[Try it]: Where the records below show the word "World" in a line, please copy that line.

Start of Block

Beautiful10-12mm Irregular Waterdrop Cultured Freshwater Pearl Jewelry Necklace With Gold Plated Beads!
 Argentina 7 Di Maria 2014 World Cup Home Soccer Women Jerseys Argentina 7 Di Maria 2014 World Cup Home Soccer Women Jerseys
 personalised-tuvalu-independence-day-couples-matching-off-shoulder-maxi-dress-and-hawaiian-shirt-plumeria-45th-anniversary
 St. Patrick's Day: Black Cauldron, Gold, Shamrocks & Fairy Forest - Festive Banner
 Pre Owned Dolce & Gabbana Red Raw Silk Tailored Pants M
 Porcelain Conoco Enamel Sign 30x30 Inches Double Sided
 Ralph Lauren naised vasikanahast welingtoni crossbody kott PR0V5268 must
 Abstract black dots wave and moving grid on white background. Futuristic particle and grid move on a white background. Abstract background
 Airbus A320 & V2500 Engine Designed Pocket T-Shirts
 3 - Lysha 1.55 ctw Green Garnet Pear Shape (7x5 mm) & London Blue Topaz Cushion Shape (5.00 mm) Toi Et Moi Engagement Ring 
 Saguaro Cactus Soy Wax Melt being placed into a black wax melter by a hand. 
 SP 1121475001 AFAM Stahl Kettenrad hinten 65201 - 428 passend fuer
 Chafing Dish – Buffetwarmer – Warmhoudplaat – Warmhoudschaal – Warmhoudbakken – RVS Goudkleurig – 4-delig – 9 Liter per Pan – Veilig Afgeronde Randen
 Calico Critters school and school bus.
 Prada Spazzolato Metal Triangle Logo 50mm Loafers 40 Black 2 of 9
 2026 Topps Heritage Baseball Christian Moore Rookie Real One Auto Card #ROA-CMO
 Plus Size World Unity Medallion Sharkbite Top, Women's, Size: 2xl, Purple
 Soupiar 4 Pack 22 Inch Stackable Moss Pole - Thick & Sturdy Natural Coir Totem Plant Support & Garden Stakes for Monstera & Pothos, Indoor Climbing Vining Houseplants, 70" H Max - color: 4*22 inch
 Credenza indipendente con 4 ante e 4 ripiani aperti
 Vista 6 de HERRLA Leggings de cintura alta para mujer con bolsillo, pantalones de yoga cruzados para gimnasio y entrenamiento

End of Block

[Solution for this exercise]:
 Argentina 7 Di Maria 2014 World Cup Home Soccer Women Jerseys Argentina 7 Di Maria 2014 World Cup Home Soccer Women Jerseys
 Plus Size World Unity Medallion Sharkbite Top, Women's, Size: 2xl, Purple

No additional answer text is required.